*** Block opens ***

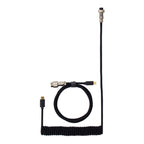 Keychron Coiled Aviator Cable - Black/Straight-Wolf Media Store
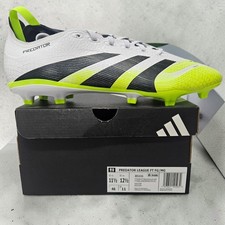 Adidas Predator League FT FG MG Soccer Cleats Men's 11.5 White Yellow JI1111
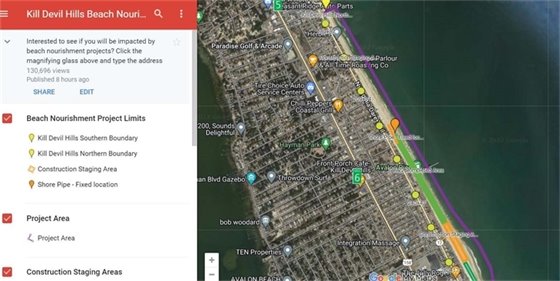 7.3.22 Beach Nourishment Map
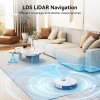 Tesvor S8 Pro 2 in 1 Robot Vacuum Cleaner with Wiping Function, 6000Pa Suction, LiDAR Navigation, 240min Running Time, APP/Alexa Control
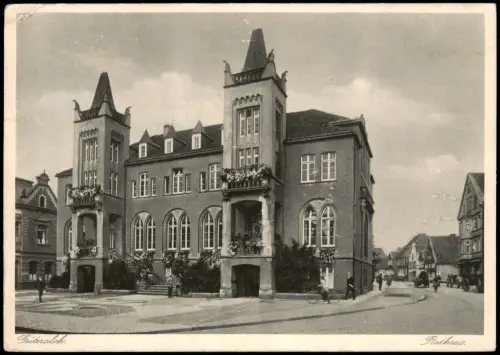 Ansichtskarte Gütersloh Partie am Rathaus 1940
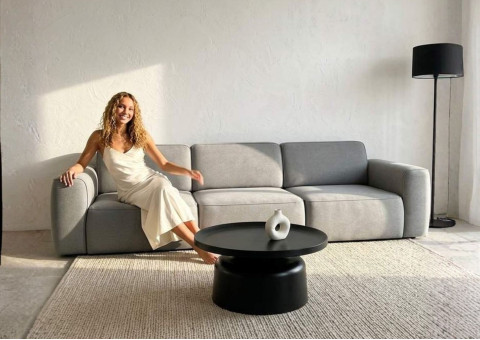 Loftowa designerska duża sofa rozkładana Koma 3 - zdjęcie 1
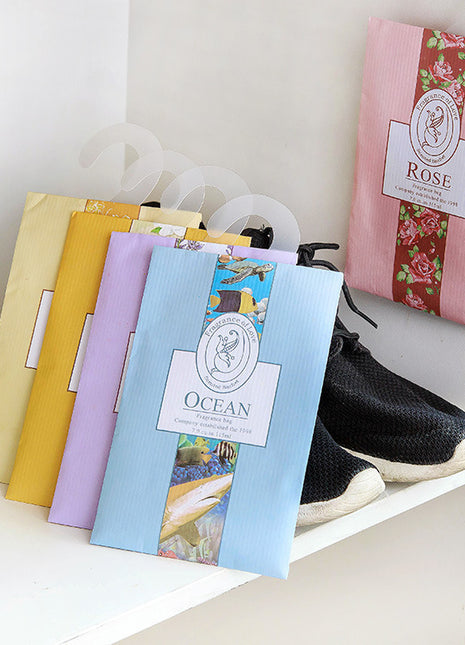 Natural Hanging Sachet Air Freshener Bags for Wardrobes, Closets & Rooms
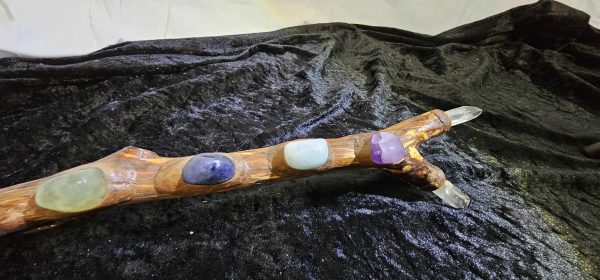 Chakra Double Ended Wand (talking stick) - Image 2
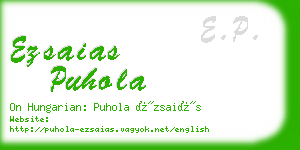 ezsaias puhola business card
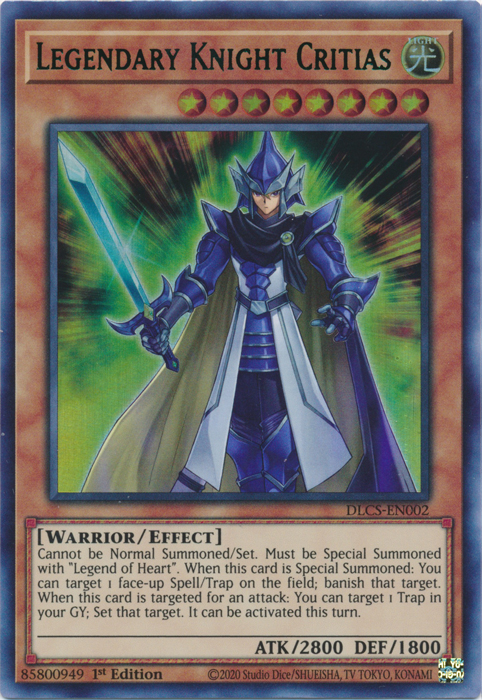 Legendary Knight Critias (Green) [DLCS-EN002] Ultra Rare | Chromatic Games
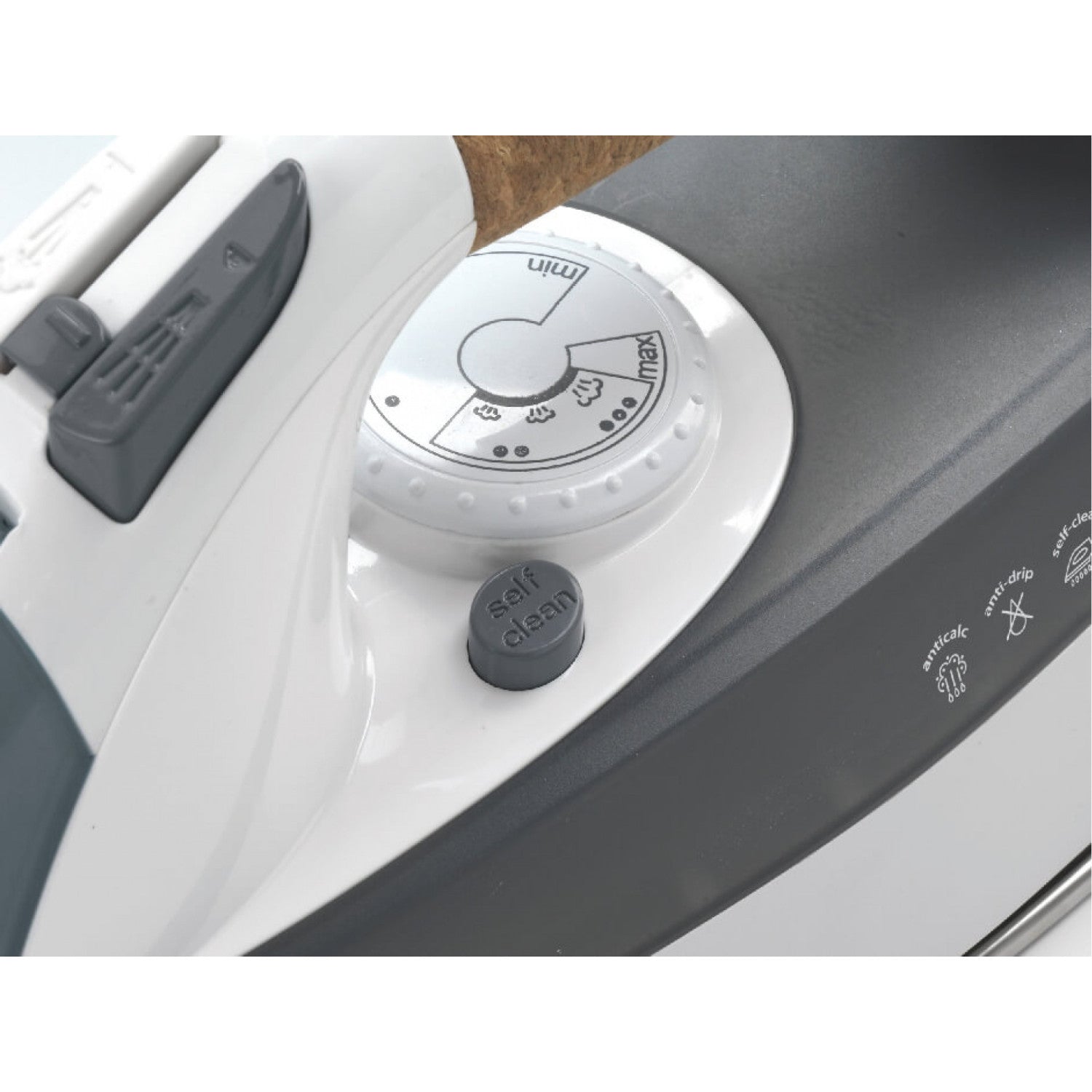 Ariete 6232 Ferro da Stiro Secco e Vapore Acciaio Inossidabile Grigio 2200 W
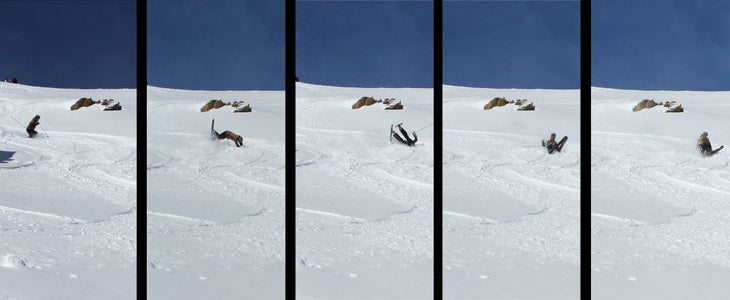 Show Off The claim: Showing off front flip skills for the camera. The truth: Nice save!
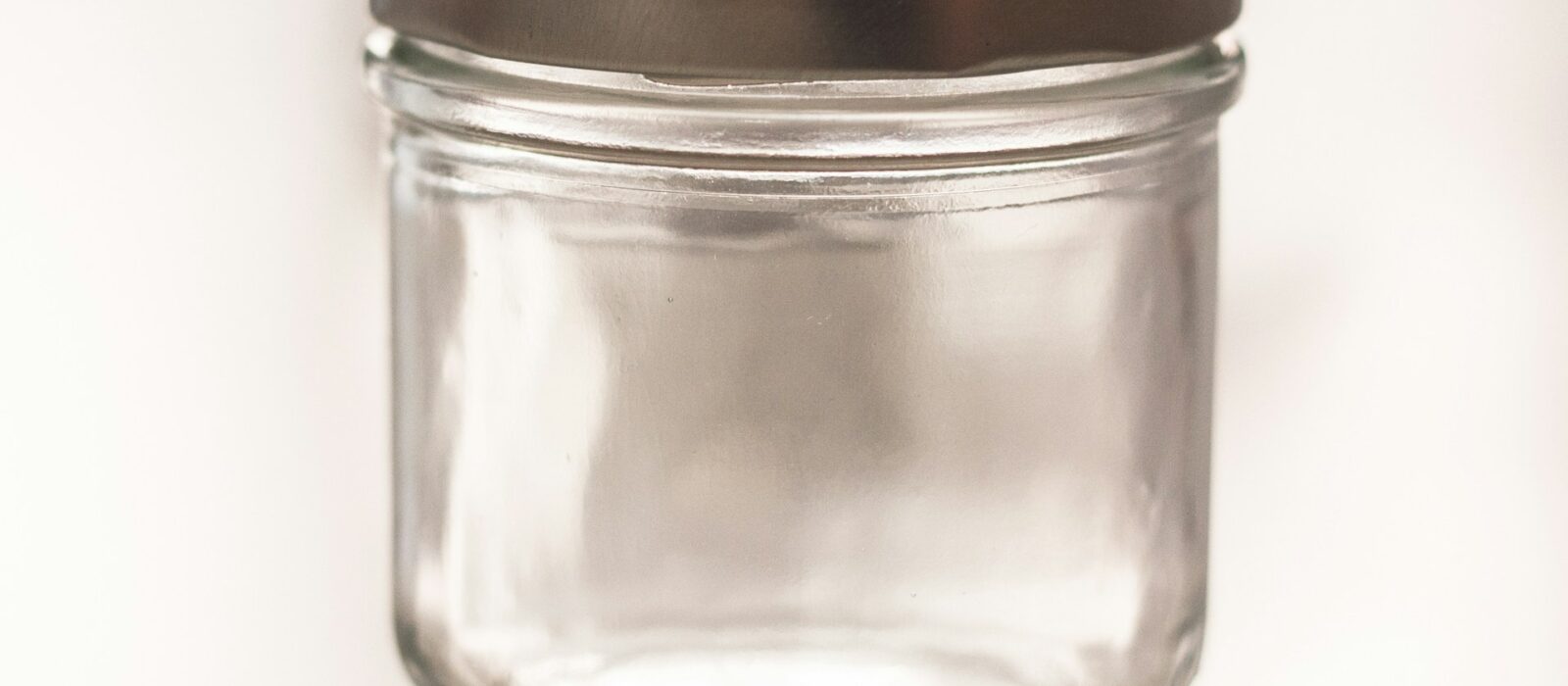 A glass jar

*** Block closes ***

Exercise details:
Write out, word for word, only the lines from the one containing "Chakra Double Ended" to the end of the data above; the pictures stay out.

Answer for this exercise:
 Chakra Double Ended Wand (talking stick) - Image 2
 ezsaias puhola business card
 Legendary Knight Critias (Green) [DLCS-EN002] Ultra Rare | Chromatic Games
 Ariete 6232 Ferro da Stiro Secco e Vapore Acciaio Inossidabile Grigio 2200 W
 Show Off The claim: Showing off front flip skills for the camera. The truth: Nice save!
 A glass jar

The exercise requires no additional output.